**ACTIVITY:** All lines from the first one in the listing below to the one holding "704 Crescent Lake", inclusive, are to be copied exactly.

**TASK INPUT:**
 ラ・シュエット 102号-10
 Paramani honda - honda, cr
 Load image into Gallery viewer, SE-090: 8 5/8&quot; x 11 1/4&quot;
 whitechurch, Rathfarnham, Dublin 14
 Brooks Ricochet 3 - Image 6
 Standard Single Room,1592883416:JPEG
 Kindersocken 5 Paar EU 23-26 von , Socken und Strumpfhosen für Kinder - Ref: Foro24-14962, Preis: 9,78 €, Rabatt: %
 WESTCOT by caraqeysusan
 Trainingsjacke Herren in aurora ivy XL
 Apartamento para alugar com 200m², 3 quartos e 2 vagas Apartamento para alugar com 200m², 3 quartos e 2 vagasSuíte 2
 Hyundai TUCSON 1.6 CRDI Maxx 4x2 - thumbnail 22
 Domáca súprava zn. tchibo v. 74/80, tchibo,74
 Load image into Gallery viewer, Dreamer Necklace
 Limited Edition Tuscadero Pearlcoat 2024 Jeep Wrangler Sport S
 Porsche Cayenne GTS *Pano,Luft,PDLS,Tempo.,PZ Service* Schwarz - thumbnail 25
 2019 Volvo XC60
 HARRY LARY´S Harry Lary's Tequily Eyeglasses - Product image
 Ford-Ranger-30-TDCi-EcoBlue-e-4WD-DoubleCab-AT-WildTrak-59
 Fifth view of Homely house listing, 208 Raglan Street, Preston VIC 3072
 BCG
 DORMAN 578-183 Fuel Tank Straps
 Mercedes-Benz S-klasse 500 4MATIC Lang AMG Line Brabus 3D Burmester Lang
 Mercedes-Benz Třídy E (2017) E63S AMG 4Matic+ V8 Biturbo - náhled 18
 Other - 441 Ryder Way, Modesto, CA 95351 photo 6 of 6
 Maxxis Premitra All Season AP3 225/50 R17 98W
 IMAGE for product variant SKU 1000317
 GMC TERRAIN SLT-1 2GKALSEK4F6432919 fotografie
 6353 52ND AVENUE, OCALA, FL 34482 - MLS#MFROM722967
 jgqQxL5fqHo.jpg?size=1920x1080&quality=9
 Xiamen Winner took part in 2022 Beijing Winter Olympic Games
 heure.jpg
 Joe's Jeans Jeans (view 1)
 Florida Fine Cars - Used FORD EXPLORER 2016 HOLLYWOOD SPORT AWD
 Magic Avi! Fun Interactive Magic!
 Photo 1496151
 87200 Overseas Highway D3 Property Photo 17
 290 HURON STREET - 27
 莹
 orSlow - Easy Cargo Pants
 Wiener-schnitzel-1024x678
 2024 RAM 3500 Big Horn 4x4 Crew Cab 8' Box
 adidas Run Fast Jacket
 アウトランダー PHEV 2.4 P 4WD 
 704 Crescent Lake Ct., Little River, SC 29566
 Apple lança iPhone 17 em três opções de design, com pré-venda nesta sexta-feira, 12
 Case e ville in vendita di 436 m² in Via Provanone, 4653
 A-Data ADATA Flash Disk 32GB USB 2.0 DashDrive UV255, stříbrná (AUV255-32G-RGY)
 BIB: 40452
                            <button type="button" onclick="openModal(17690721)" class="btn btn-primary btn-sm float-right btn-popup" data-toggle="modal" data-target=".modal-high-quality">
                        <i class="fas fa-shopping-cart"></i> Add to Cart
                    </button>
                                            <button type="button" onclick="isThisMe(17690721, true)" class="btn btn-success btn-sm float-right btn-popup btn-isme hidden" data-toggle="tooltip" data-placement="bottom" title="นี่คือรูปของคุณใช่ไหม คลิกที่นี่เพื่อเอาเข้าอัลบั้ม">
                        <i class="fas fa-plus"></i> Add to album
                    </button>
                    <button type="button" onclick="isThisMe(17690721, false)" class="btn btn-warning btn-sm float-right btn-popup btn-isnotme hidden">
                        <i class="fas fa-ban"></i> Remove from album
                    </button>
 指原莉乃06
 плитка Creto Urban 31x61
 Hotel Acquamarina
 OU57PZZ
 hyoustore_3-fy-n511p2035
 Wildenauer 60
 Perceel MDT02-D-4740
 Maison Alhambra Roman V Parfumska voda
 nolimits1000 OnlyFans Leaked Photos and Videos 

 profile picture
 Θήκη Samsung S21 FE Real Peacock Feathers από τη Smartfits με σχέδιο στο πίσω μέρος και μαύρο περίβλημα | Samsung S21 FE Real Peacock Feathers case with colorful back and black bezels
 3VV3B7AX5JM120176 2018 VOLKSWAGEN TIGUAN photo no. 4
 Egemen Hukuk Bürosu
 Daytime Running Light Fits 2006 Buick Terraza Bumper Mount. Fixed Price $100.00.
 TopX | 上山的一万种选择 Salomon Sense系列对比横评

**TASK RESPONSE:**
 ラ・シュエット 102号-10
 Paramani honda - honda, cr
 Load image into Gallery viewer, SE-090: 8 5/8&quot; x 11 1/4&quot;
 whitechurch, Rathfarnham, Dublin 14
 Brooks Ricochet 3 - Image 6
 Standard Single Room,1592883416:JPEG
 Kindersocken 5 Paar EU 23-26 von , Socken und Strumpfhosen für Kinder - Ref: Foro24-14962, Preis: 9,78 €, Rabatt: %
 WESTCOT by caraqeysusan
 Trainingsjacke Herren in aurora ivy XL
 Apartamento para alugar com 200m², 3 quartos e 2 vagas Apartamento para alugar com 200m², 3 quartos e 2 vagasSuíte 2
 Hyundai TUCSON 1.6 CRDI Maxx 4x2 - thumbnail 22
 Domáca súprava zn. tchibo v. 74/80, tchibo,74
 Load image into Gallery viewer, Dreamer Necklace
 Limited Edition Tuscadero Pearlcoat 2024 Jeep Wrangler Sport S
 Porsche Cayenne GTS *Pano,Luft,PDLS,Tempo.,PZ Service* Schwarz - thumbnail 25
 2019 Volvo XC60
 HARRY LARY´S Harry Lary's Tequily Eyeglasses - Product image
 Ford-Ranger-30-TDCi-EcoBlue-e-4WD-DoubleCab-AT-WildTrak-59
 Fifth view of Homely house listing, 208 Raglan Street, Preston VIC 3072
 BCG
 DORMAN 578-183 Fuel Tank Straps
 Mercedes-Benz S-klasse 500 4MATIC Lang AMG Line Brabus 3D Burmester Lang
 Mercedes-Benz Třídy E (2017) E63S AMG 4Matic+ V8 Biturbo - náhled 18
 Other - 441 Ryder Way, Modesto, CA 95351 photo 6 of 6
 Maxxis Premitra All Season AP3 225/50 R17 98W
 IMAGE for product variant SKU 1000317
 GMC TERRAIN SLT-1 2GKALSEK4F6432919 fotografie
 6353 52ND AVENUE, OCALA, FL 34482 - MLS#MFROM722967
 jgqQxL5fqHo.jpg?size=1920x1080&quality=9
 Xiamen Winner took part in 2022 Beijing Winter Olympic Games
 heure.jpg
 Joe's Jeans Jeans (view 1)
 Florida Fine Cars - Used FORD EXPLORER 2016 HOLLYWOOD SPORT AWD
 Magic Avi! Fun Interactive Magic!
 Photo 1496151
 87200 Overseas Highway D3 Property Photo 17
 290 HURON STREET - 27
 莹
 orSlow - Easy Cargo Pants
 Wiener-schnitzel-1024x678
 2024 RAM 3500 Big Horn 4x4 Crew Cab 8' Box
 adidas Run Fast Jacket
 アウトランダー PHEV 2.4 P 4WD 
 704 Crescent Lake Ct., Little River, SC 29566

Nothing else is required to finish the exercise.